Web page caption snippets.
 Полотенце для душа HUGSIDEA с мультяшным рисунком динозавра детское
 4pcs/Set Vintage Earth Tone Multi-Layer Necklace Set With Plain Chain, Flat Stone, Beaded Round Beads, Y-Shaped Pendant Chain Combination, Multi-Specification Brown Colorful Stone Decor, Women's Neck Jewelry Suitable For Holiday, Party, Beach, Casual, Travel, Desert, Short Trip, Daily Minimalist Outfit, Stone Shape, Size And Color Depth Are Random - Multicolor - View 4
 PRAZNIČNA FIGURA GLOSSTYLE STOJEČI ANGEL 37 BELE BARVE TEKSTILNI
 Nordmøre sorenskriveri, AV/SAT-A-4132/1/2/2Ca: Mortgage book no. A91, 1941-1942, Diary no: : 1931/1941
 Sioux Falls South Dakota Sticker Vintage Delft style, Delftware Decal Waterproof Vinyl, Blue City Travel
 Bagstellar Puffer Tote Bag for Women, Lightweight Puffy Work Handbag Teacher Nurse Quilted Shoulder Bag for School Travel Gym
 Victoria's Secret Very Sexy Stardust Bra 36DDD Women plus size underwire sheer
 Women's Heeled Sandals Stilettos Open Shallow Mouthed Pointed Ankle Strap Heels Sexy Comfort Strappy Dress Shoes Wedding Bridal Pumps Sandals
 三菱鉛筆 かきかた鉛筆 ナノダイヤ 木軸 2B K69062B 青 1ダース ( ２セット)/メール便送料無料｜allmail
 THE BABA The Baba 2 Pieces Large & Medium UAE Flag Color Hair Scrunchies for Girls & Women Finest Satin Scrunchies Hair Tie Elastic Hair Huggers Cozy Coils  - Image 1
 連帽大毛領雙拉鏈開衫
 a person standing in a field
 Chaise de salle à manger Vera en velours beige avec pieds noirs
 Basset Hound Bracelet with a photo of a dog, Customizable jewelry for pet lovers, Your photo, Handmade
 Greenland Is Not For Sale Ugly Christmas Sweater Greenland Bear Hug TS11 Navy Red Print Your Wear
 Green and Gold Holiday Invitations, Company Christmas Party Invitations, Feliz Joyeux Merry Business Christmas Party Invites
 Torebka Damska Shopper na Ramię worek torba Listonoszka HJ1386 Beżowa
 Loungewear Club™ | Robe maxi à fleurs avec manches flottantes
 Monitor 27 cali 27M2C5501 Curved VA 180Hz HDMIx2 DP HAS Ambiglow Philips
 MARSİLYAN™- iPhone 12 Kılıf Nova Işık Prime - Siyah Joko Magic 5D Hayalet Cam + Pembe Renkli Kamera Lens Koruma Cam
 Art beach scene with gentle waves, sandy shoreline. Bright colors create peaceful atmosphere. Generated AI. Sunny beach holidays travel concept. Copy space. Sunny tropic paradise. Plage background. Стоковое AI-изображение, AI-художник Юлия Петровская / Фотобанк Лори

EXERCISE INSTRUCTIONS.
Print the records once more, exactly as written.

TASK SOLUTION.
 Полотенце для душа HUGSIDEA с мультяшным рисунком динозавра детское
 4pcs/Set Vintage Earth Tone Multi-Layer Necklace Set With Plain Chain, Flat Stone, Beaded Round Beads, Y-Shaped Pendant Chain Combination, Multi-Specification Brown Colorful Stone Decor, Women's Neck Jewelry Suitable For Holiday, Party, Beach, Casual, Travel, Desert, Short Trip, Daily Minimalist Outfit, Stone Shape, Size And Color Depth Are Random - Multicolor - View 4
 PRAZNIČNA FIGURA GLOSSTYLE STOJEČI ANGEL 37 BELE BARVE TEKSTILNI
 Nordmøre sorenskriveri, AV/SAT-A-4132/1/2/2Ca: Mortgage book no. A91, 1941-1942, Diary no: : 1931/1941
 Sioux Falls South Dakota Sticker Vintage Delft style, Delftware Decal Waterproof Vinyl, Blue City Travel
 Bagstellar Puffer Tote Bag for Women, Lightweight Puffy Work Handbag Teacher Nurse Quilted Shoulder Bag for School Travel Gym
 Victoria's Secret Very Sexy Stardust Bra 36DDD Women plus size underwire sheer
 Women's Heeled Sandals Stilettos Open Shallow Mouthed Pointed Ankle Strap Heels Sexy Comfort Strappy Dress Shoes Wedding Bridal Pumps Sandals
 三菱鉛筆 かきかた鉛筆 ナノダイヤ 木軸 2B K69062B 青 1ダース ( ２セット)/メール便送料無料｜allmail
 THE BABA The Baba 2 Pieces Large & Medium UAE Flag Color Hair Scrunchies for Girls & Women Finest Satin Scrunchies Hair Tie Elastic Hair Huggers Cozy Coils  - Image 1
 連帽大毛領雙拉鏈開衫
 a person standing in a field
 Chaise de salle à manger Vera en velours beige avec pieds noirs
 Basset Hound Bracelet with a photo of a dog, Customizable jewelry for pet lovers, Your photo, Handmade
 Greenland Is Not For Sale Ugly Christmas Sweater Greenland Bear Hug TS11 Navy Red Print Your Wear
 Green and Gold Holiday Invitations, Company Christmas Party Invitations, Feliz Joyeux Merry Business Christmas Party Invites
 Torebka Damska Shopper na Ramię worek torba Listonoszka HJ1386 Beżowa
 Loungewear Club™ | Robe maxi à fleurs avec manches flottantes
 Monitor 27 cali 27M2C5501 Curved VA 180Hz HDMIx2 DP HAS Ambiglow Philips
 MARSİLYAN™- iPhone 12 Kılıf Nova Işık Prime - Siyah Joko Magic 5D Hayalet Cam + Pembe Renkli Kamera Lens Koruma Cam
 Art beach scene with gentle waves, sandy shoreline. Bright colors create peaceful atmosphere. Generated AI. Sunny beach holidays travel concept. Copy space. Sunny tropic paradise. Plage background. Стоковое AI-изображение, AI-художник Юлия Петровская / Фотобанк Лори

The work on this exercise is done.